Construction sites are among the most dangerous workplaces in Missouri. When you are injured on a job site — whether by a fall, defective equipment, or another contractor's negligence — you may have rights beyond a standard workers' compensation claim. Chris Miller is a Columbia-based attorney who handles both workers' comp and third-party personal injury claims for injured construction workers across central Missouri. He personally handles every case, start to finish — no handoffs to associates or paralegals.
Chris served as a government attorney in the Missouri Department of Labor and administered the Missouri Division of Workers' Compensation before entering private practice — the same agency that reviews disputed construction injury claims. He also argued and won a case before the Missouri Supreme Court that expanded the rights of working Missourians statewide. Insurance companies and their adjusters move fast after a construction accident. Chris moves faster.
Construction accidents in central Missouri happen on commercial builds along I-70, residential developments throughout Boone County, infrastructure projects across the region, and manufacturing and industrial sites from Columbia to Jefferson City.

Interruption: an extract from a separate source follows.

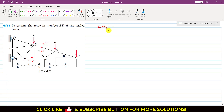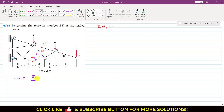Before applying the summation of moments about point D equals zero, we need to find the angle theta that the BE member force makes with the horizontal. If we apply tan(theta) to the BEP triangle, where P is the intersection point, then tan(theta) will be equal to the length BP divided by EP.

The injuries are often severe — broken bones, spinal cord damage, traumatic brain injury, crush injuries, and burns. The legal picture is more complicated than most injured workers realize.
Workers' compensation covers you for injuries caused by your direct employer, but it caps your recovery and does not pay for pain and suffering. If a general contractor, subcontractor, equipment manufacturer, or property owner contributed to your injury, you may have a separate third-party personal injury claim that goes well beyond what workers' comp provides. Chris evaluates both tracks simultaneously — so you do not leave money on the table by settling one claim without understanding the other.
Construction consistently ranks among the most hazardous industries in the country. Falls, struck-by incidents, electrocutions, and caught-in/between hazards — what OSHA calls the "Fatal Four" — account for the majority of construction deaths and serious injuries every year.
Source: Bureau of Labor Statistics, Injuries, Illnesses, and Fatalities (2022)
Nonfatal injuries tell an equally serious story. Construction workers suffer fractures, amputations, lacerations, and traumatic injuries at rates that often result in weeks or months away from work, long-term physical limitations, and permanent disability. In Missouri, the Division of Workers' Compensation administers claims for these injuries, but the WC system is designed to be quick and limited — not comprehensive. For workers who suffer catastrophic injuries, third-party claims against negligent contractors or equipment manufacturers are often the only path to full compensation. Call Chris at (573) 499-0200 to find out which claims apply to your situation.
Construction site accidents involve many different causes, liable parties, and legal theories. Whether your injury was caused by a fall from scaffolding, a defective power tool, or a negligent subcontractor, the facts of how and why it happened determine what claims you can bring — and who you can bring them against.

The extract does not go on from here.